» Work order: Word for word, transcribe the lines from the one containing "Front view of" through the end of the entries, both included, and nothing else.

Caption-style text data
---+---
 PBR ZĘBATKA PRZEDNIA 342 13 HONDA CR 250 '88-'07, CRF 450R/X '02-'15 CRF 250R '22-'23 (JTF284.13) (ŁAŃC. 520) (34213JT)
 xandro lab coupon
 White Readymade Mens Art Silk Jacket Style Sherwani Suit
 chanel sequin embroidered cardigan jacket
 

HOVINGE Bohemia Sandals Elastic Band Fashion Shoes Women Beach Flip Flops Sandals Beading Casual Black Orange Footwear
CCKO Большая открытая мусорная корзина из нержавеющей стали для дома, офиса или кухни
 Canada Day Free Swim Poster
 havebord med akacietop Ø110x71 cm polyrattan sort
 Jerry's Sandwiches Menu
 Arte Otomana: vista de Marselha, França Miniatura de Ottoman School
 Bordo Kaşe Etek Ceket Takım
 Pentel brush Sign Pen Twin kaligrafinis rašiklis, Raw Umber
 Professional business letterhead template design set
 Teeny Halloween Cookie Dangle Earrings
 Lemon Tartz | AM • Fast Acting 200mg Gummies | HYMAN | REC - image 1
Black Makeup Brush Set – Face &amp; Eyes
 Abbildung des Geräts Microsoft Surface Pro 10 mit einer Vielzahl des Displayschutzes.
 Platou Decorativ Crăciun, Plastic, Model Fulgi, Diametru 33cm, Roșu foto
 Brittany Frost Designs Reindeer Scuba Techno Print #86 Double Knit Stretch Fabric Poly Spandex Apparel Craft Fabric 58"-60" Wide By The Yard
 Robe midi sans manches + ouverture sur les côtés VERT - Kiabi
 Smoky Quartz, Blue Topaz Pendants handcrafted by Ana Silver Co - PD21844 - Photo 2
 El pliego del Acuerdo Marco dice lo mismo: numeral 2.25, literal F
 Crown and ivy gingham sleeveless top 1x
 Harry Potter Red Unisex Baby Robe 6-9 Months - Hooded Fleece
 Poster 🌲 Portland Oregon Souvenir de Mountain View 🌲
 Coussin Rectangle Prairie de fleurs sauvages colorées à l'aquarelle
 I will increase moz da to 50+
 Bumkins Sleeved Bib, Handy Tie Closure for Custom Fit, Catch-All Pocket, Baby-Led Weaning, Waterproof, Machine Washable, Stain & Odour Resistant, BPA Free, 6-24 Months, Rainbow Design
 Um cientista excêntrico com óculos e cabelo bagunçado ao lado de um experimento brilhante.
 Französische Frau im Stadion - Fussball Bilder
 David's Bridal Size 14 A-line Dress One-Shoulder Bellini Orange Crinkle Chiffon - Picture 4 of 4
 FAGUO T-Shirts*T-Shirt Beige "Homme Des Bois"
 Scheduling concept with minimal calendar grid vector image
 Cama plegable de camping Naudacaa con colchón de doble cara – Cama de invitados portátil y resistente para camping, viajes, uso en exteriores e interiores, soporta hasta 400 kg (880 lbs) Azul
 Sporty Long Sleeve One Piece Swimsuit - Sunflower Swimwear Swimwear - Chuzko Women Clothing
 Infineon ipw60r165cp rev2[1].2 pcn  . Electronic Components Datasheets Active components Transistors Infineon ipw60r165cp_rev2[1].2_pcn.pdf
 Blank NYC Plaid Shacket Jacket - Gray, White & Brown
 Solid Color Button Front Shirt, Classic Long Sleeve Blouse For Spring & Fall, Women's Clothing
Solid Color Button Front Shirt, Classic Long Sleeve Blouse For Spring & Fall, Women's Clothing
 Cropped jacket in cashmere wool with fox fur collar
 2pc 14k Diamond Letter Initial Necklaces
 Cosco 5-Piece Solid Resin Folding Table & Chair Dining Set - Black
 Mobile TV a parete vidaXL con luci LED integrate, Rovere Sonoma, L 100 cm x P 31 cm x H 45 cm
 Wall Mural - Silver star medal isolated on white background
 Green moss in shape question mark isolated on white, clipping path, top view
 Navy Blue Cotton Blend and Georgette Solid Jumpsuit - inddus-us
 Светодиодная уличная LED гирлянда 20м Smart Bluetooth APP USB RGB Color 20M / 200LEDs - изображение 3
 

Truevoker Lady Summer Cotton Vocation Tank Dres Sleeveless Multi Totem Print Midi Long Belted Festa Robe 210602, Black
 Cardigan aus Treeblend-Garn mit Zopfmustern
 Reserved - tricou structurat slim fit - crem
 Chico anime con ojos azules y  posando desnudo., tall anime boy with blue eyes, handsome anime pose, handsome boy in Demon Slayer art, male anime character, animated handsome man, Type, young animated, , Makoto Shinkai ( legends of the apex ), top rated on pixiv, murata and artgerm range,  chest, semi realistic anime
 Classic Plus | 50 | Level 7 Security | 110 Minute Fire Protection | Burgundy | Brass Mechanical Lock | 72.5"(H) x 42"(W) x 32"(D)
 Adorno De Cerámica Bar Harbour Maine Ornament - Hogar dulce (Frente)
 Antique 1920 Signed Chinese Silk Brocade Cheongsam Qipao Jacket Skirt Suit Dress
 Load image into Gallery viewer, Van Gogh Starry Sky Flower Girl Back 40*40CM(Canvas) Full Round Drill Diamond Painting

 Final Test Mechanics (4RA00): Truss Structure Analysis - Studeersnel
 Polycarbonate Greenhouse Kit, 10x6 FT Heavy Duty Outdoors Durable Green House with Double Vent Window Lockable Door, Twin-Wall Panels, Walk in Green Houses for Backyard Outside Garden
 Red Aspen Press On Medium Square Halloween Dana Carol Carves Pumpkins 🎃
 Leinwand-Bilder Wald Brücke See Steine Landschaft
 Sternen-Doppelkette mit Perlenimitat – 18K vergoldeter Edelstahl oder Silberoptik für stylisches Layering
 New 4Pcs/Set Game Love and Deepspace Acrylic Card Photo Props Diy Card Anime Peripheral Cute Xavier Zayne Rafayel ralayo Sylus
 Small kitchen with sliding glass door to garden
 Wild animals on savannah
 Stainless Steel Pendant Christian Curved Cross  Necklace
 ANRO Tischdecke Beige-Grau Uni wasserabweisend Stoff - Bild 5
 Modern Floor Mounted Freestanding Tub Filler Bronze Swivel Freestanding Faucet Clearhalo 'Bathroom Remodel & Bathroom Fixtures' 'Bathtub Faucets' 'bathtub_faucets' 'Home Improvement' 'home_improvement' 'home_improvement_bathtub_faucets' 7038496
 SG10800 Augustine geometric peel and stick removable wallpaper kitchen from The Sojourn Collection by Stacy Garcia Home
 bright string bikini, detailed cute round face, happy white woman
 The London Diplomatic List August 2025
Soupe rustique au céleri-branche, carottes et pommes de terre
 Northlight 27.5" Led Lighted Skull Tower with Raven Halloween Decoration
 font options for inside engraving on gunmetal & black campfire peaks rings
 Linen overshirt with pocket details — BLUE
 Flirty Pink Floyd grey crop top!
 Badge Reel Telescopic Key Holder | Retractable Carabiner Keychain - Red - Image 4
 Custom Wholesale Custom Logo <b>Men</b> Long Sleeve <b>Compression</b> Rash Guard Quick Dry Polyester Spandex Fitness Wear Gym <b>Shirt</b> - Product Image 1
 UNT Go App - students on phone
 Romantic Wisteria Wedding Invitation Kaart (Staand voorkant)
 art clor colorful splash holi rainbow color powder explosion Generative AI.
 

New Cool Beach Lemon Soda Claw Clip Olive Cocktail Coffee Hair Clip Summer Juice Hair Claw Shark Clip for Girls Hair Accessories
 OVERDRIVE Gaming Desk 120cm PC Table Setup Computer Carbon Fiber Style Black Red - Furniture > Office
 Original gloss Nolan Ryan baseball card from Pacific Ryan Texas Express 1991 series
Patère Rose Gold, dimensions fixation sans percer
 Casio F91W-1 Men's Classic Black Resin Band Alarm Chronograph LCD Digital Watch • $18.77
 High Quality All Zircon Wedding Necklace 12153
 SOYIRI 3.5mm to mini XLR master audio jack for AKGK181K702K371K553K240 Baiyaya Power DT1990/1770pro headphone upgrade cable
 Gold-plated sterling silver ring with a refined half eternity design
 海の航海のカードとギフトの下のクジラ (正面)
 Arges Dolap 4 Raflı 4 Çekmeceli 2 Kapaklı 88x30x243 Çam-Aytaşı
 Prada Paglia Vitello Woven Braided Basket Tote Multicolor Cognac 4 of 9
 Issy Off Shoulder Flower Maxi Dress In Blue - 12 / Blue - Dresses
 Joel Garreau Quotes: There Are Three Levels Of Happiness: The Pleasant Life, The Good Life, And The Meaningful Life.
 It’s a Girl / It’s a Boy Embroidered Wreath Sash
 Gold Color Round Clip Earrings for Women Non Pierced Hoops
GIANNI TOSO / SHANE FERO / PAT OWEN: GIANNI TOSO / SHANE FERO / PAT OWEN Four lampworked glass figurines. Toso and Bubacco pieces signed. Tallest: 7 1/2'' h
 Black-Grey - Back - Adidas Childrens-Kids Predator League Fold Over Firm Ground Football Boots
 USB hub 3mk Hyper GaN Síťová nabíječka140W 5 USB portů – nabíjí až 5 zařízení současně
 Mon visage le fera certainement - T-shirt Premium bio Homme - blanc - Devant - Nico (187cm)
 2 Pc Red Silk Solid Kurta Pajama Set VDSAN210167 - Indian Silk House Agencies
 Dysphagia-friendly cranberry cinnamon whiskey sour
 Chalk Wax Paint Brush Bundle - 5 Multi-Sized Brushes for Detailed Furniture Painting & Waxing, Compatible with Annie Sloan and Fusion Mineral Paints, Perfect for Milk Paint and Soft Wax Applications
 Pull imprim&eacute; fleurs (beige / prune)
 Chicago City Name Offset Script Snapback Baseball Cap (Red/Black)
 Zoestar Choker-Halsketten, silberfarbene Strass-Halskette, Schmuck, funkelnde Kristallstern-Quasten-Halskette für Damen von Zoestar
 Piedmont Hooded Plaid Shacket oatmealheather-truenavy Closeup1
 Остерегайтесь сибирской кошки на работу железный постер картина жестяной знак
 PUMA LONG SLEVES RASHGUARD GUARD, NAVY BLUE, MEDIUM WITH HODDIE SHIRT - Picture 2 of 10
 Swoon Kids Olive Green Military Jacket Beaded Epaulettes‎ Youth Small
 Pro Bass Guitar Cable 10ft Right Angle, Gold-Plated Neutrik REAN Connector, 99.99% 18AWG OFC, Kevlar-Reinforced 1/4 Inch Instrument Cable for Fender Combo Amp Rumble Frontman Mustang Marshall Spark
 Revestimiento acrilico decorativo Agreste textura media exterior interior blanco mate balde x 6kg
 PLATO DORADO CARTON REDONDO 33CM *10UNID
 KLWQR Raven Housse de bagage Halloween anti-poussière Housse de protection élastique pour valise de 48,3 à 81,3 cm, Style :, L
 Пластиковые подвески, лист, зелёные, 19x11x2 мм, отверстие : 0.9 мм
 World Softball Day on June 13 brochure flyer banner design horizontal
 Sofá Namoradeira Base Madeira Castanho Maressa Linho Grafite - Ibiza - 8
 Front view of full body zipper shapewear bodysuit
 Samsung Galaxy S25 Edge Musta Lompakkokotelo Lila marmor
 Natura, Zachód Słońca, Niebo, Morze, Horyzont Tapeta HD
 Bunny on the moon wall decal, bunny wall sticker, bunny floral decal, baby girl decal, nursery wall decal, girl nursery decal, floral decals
---+---
» Output of the exercise:
 Front view of full body zipper shapewear bodysuit
 Samsung Galaxy S25 Edge Musta Lompakkokotelo Lila marmor
 Natura, Zachód Słońca, Niebo, Morze, Horyzont Tapeta HD
 Bunny on the moon wall decal, bunny wall sticker, bunny floral decal, baby girl decal, nursery wall decal, girl nursery decal, floral decals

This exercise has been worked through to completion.